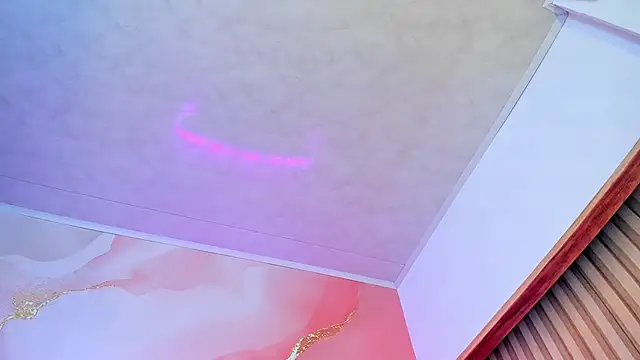 Snapshot of Bella__sweet chatting on March 1, 1:00 am Bella sweet online show from March 1, 1:00 am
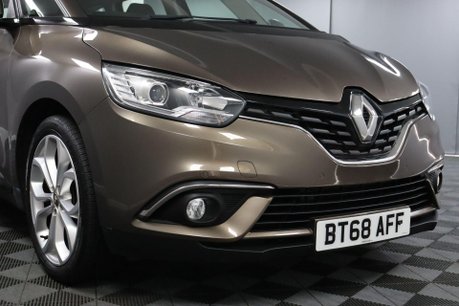 Renault Grand Scenic ICONIC TCE 47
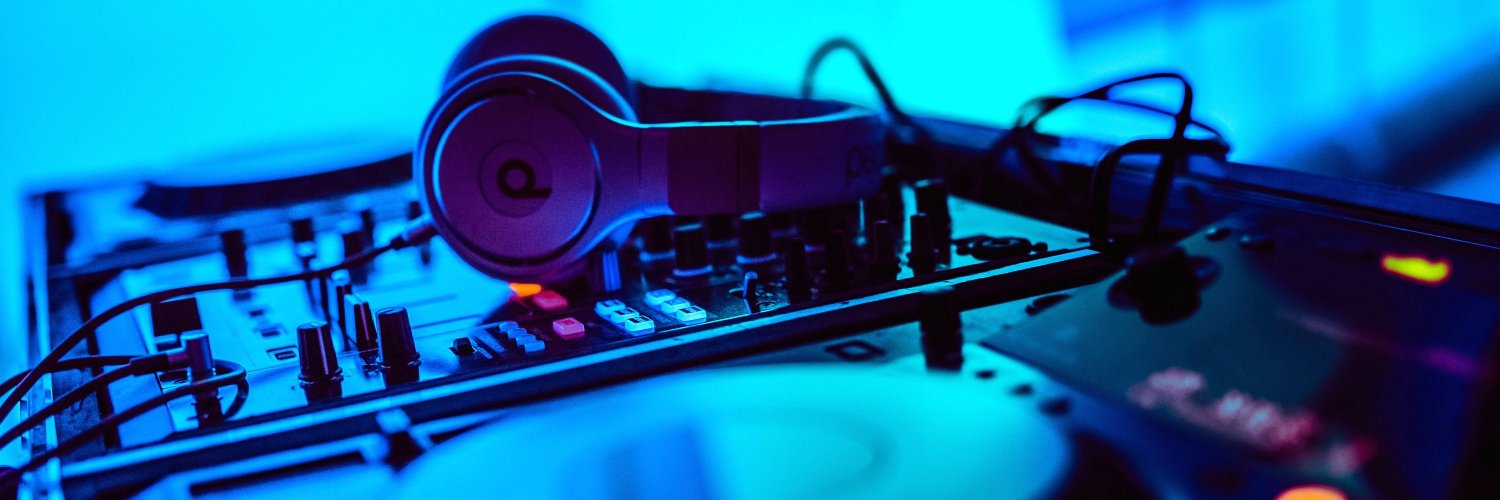 filoage's profile banner image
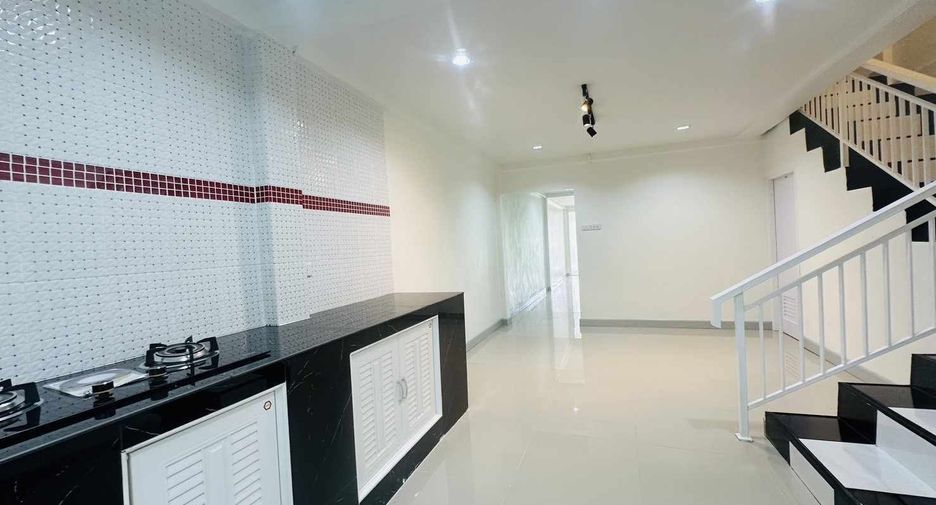 For sale 4 bedrooms house in Hat Yai, Songkhla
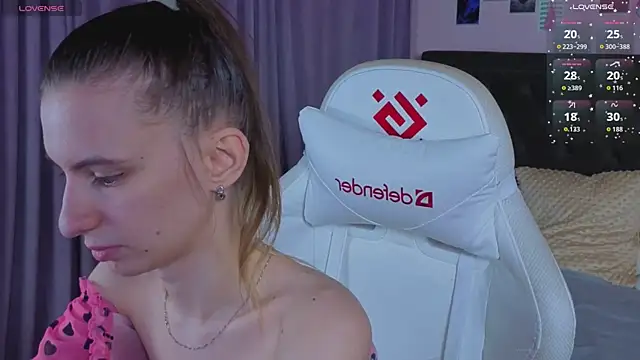 Snapshot of kaleriyaa_ chatting on 04/21/26, 02:51 kaleriyaa online show from 04/21/26, 02:51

-=-=-=-=-

Please output only the lines running from the one that holds "filoage's profile banner image" through the last line of the entries, both ends included, without any images.

 filoage's profile banner image
 For sale 4 bedrooms house in Hat Yai, Songkhla
 Snapshot of kaleriyaa_ chatting on 04/21/26, 02:51 kaleriyaa online show from 04/21/26, 02:51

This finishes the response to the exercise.